**WORK INSTRUCTION**
Reproduce the data in full, exactly as given, leaving images out.

**DATA EXTRACT**
= = =

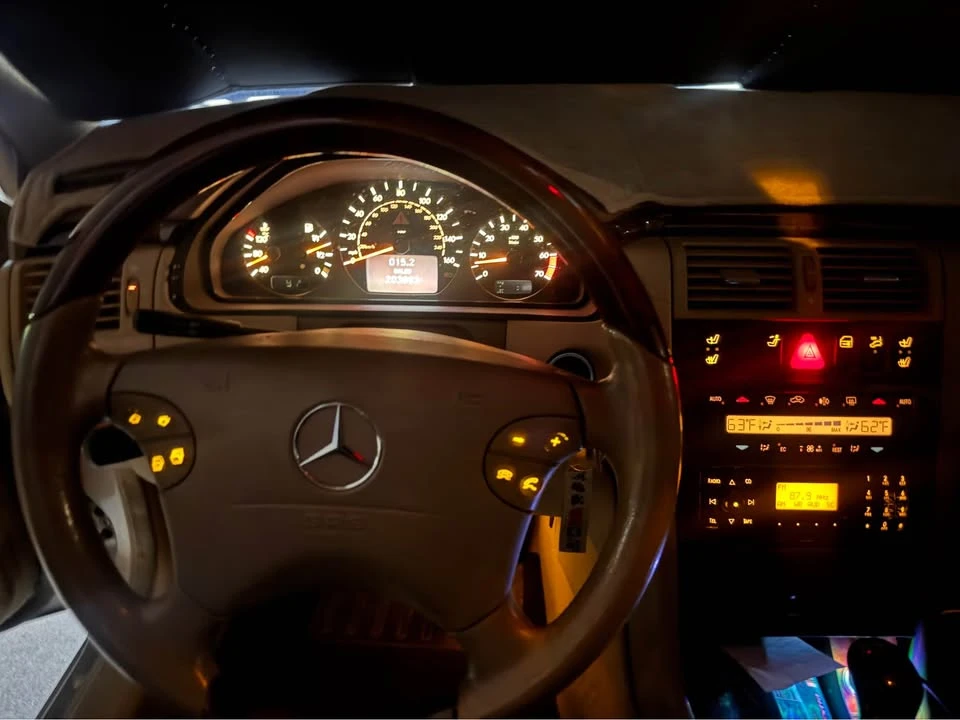 2000 Mercedes-Benz W210 E-Class - Image 2 of 3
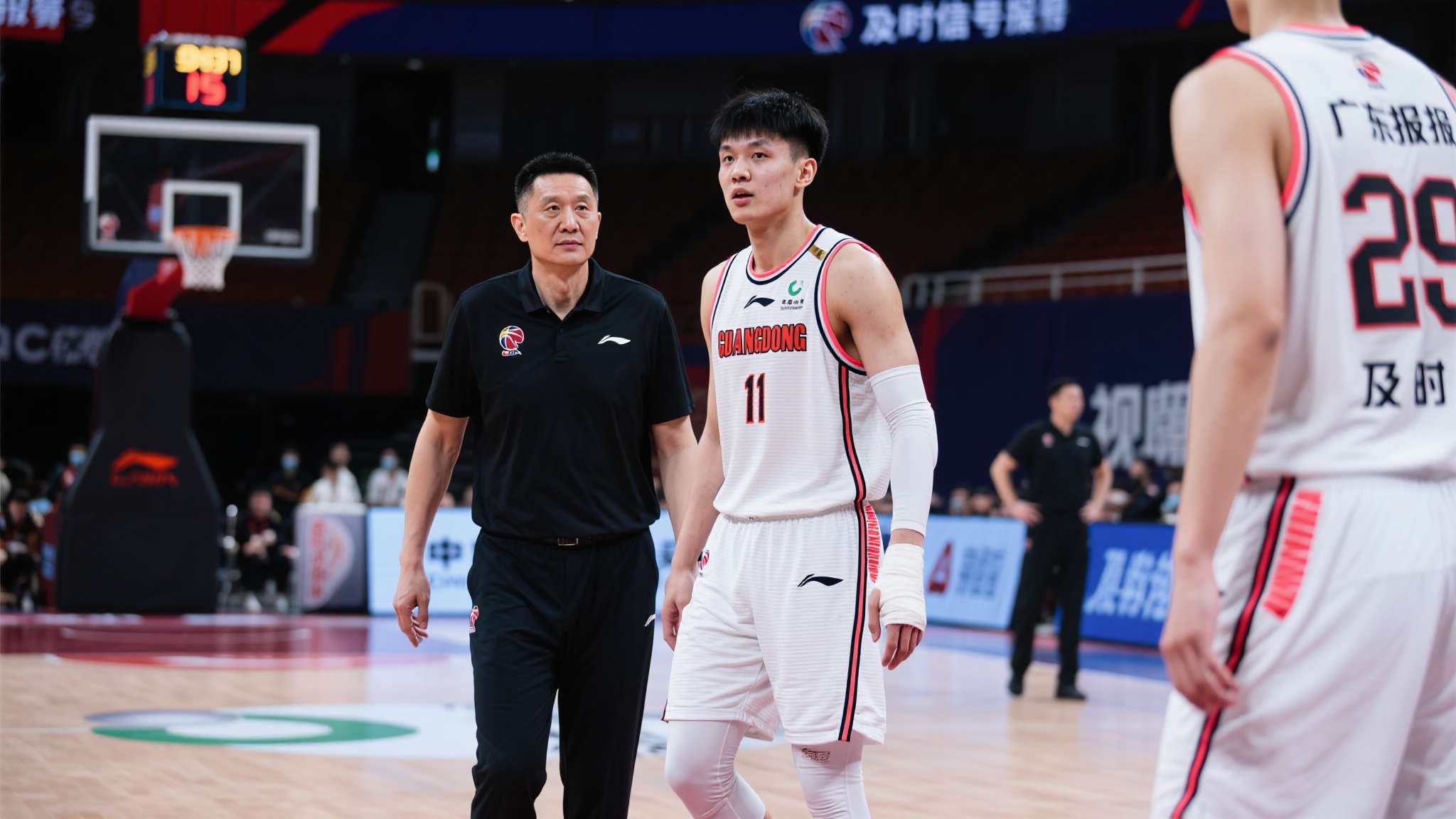 广东宏远男篮今日最新消息 前言
随着新一轮CBA赛季激战正酣,广东宏远的动向备受关注。日前球队多线迎来重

= = =

**RESPONSE BOX**
 2000 Mercedes-Benz W210 E-Class - Image 2 of 3
 广东宏远男篮今日最新消息 前言
随着新一轮CBA赛季激战正酣,广东宏远的动向备受关注。日前球队多线迎来重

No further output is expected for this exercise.